Authors may be surprised to learn that before an agent or publisher reads a word of their manuscript, they make judgments based on the query letter or proposal. They read your materials to assess the potential for successful publication based on the information they gather about the book, about the audience, and yes, about the author.
In the last two posts, I focused on questions about the book and audience. If an agent or acquisitions editor at a publishing house reads an author’s pitch, they expect answers to these questions. If they like the answers, they’ll consider next the author.
But what kinds of information do they want to know about you? Here’s a list of questions for you to address:
1. What makes you the best person to write this book?
2. What personal or professional experiences make you an authority on the subject?
3. What is your writing background?
4. Do you have a resume or brief bio?
5. Briefly describe how your education, professional position, and/or personal experiences prepare you to be the author of this book.
6. What do you bring to this writing project that other well qualified experts in this subject area would not be able to offer?
7. What motivates you to write this book? What are your intentions?

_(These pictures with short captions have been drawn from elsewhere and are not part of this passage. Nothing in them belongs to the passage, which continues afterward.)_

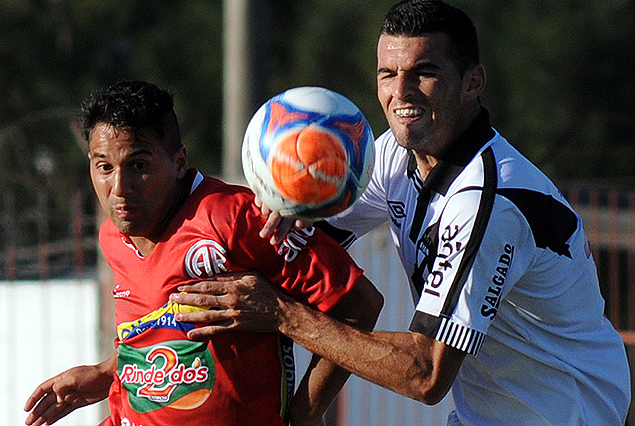 Miguel De Los Santos y Fabricio Formiliano en la presión por el control de la pelota.
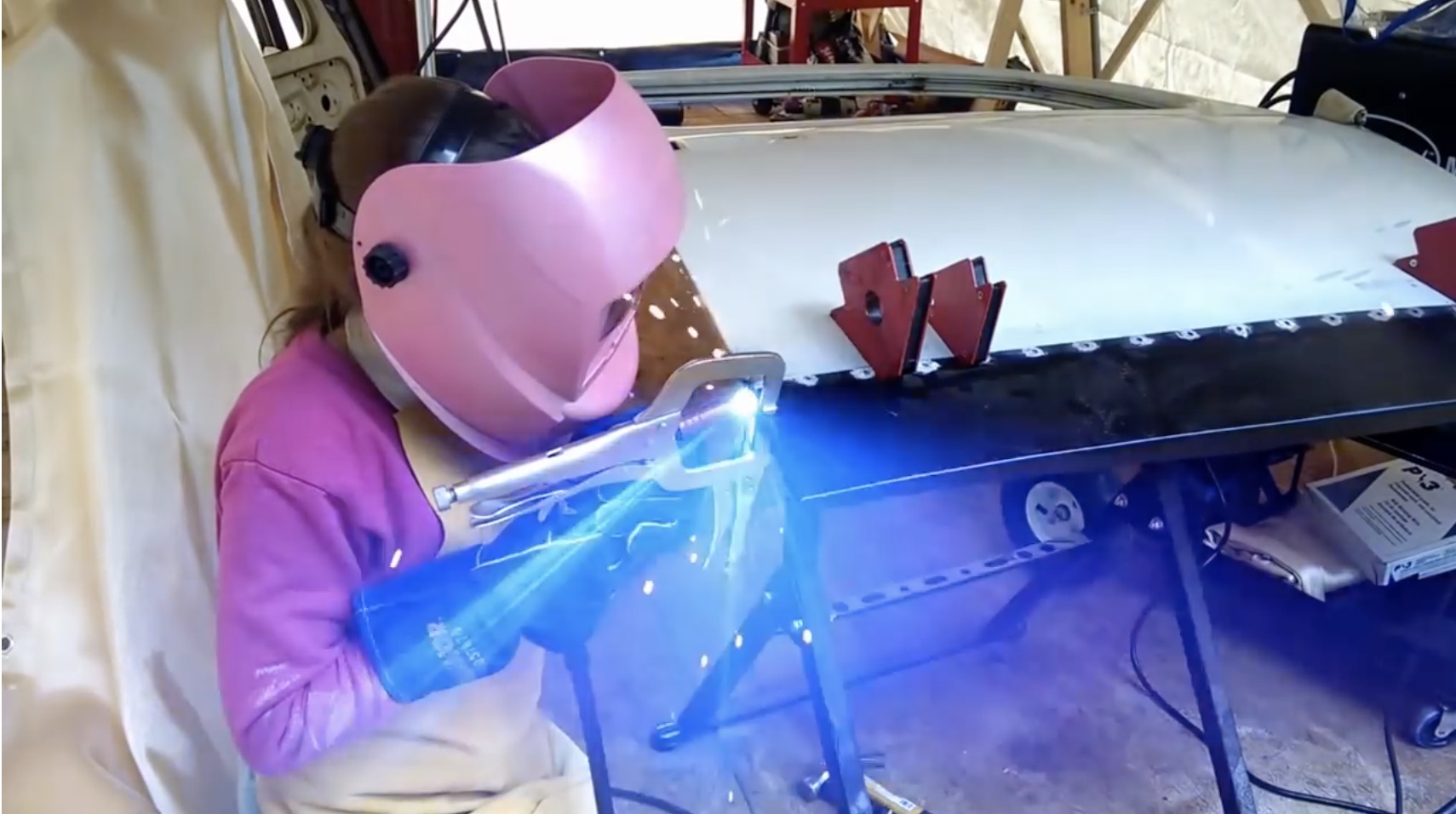 Best of 2018: This Little Lady Is Restoring Her Own Volkswagen Beetle!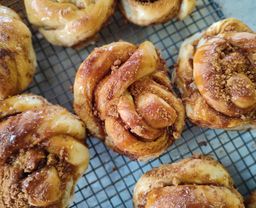 Cinnamon bun with salted caramel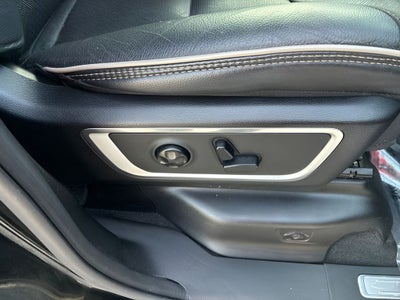 2020 RAM 1500 Laramie Crew Cab 4x4 5'7' Box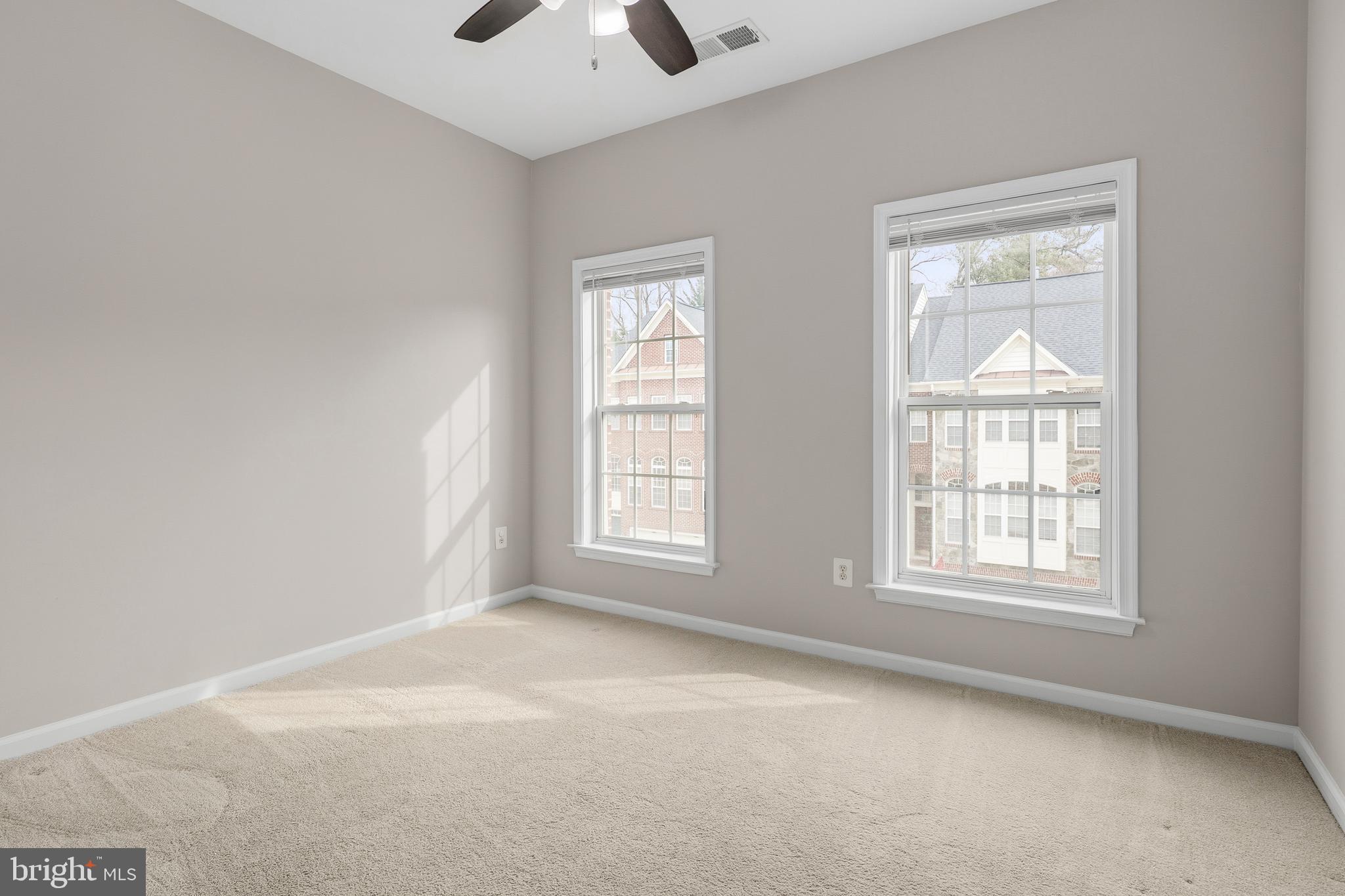 ASPEN HILL - Residential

8. How would you describe yourself as an author?
9. On the jacket of most book titles there is a blurb about the author. How would the blurb read about you?
10. Do you have an online presence (website/blog/Facebook Page/Twitter/email client list)? If so, what are you social media metrics (Google Analytics, Klout, Compete or other scores)? Yes, dear author, they want to know you can pull readers to what you have written.
It’s a tiny bit like fishing. You throw the line out with some bait on it, and hope you hook an agent or acquisitions editor.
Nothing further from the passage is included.